14 Haziran Cuma günü itibariyle bir eğitim öğretim dönemi daha geride kaldı. Milyonlarca öğrenci karneyle birlikte bir üst sınıfa geçmenin heyecanını veya mezun olma sevincini yaşadı. Her eğitim öğretim yılının başında ve sonunda klasik bir hal alan eğitim dönemi ile ilgili tespitler, anne babalar ve öğretmenlere tavsiyeler yine aldı başını gitti.
Eğitim, siyaset, ekonomi, ahlak ve diğer konulardaki tespit ve öneriler kâğıt üzerinde, ifade bağlamında insana çok güzel ve isabetli geliyor. İşin uygulama boyutu ise hep eksik, yetersiz ve sorunlu bir haldedir. Acaba neden, diye soramadan edemiyor insan?
Bu sorunun bir değil birçok cevabı vardır. Bu yazımız soruya bütüncül bir cevap olamasa da fikir verme amaçlı görülebilir ve okunabilir.
Eğitim, birey ve toplum için sosyal hayatın her alanında elzem bir zemindir.
Siyaset, ticaret, sağlık, ekonomi, ahlak gibi her sosyal olgu ve ‘aile, okul, işyeri, hastane, cezaevi’ gibi her sosyal kurum için eğitim bir usul, bir giriş kapısıdır.
Eğitim, beşikten mezara kadar işlevsel bir mekanizmadır. Bu mekanizma, hayatın hiçbir safhasında aksama, tekleme ve arızaya mahal vermeyecek kadar hassastır.

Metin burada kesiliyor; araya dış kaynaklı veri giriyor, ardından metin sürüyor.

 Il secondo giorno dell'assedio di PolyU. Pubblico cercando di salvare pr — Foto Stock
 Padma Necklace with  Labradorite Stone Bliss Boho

İnsan zaafları, menfaatleri ve hırsıyla malumdur. Bunlar doğru bir şekilde takviye edilmez ve yönlendirilmezse ‘cehalet, kutuplaşma, bencillik, kin ve kibre’ kapı aralar.

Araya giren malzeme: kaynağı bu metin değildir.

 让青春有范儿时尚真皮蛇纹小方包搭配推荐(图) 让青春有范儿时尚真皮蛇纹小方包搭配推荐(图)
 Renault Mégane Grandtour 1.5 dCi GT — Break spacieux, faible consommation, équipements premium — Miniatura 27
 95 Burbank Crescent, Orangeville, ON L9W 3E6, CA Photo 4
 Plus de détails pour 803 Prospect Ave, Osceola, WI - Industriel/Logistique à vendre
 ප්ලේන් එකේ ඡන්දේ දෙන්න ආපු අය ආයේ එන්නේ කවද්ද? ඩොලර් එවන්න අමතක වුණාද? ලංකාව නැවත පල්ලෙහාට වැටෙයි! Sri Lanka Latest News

Eğitim, sadece bilgi yükleme ve formüller dikte etme şeklinde anlaşılmamalıdır. Ezberci bir öğrenmeye kapı aralayan bu yöntem; sorgulama, yorumlama, anlama ve hikmetle davranma gibi sonuçlardan mahrumdur.
Eğitim, bir toplumun ‘din, dil, kültür, örf, ahlak ve sosyal yaşam’ gibi temel dinamikleriyle örtüşür bir vaziyette olmalıdır. Eğitimciler, eğitim vasıtaları, yöntemleri, hedefleri ve sonuçları bu doğrultuda hazırlanmalıdır.
Farklı kültür ve iklimlerden ‘ideoloji, çağdaşlık, imkânlar’ gibi bahanelerle devşirilen bir eğitim sistemi ve bağlamı her yönüyle güdük kalır.
Eğitim; doğru bir zaman, sağlıklı bir zemin ve yeterli imkânlar ister.
Eğitim, “karma, seküler, yeteneğe göre değil tek tip insan yetiştirmeye göre ayarlanmış; ırk, dil, cinsiyet ve coğrafya’ gibi faktörler üzerinden ötekileştiren ve farklılaştıran bir eğitim’ olmamalıdır. Böyle bir eğitim; zaman, zemin ve imkân açısından doğru tasarlanmış ve uygulanabilir bir eğitim değildir.
Eğitim de plan, hedef, yöntem ve rol modellik olmazsa olmazdır. İktidara göre, her gelen yeni bakana göre, bölgeye göre eğitim yazboz tahtasına dönmemelidir.
Her yeni değişimle birlikte ‘eğitim tasarısı ve çalışmalarının’ önüne bir ‘yeni’ ibaresi konmamalıdır.
Eğitim sürecinin temel taşları olan öğrenciler, bir deneme tahtasına dönüştürülmemelidir.
Aynı bilgi akışı içinde sınavlarla her bir öğrenci bir koşu atına dönüştürülmemelidir.
Tek tip bilgi akışıyla sağlıklı düşünme ve yorumlamadan öğrenci mahrum bırakılmamalıdır.
Yeteneğe ve kişisel kabule önem veren bir eğitim süreci aktif hale getirilmelidir.
Doğumdan ölüme insan için şahsiyetin inşa süreci diyebileceğimiz eğitim, insanlık kadar uzun soluklu bir mecra olarak görülmelidir.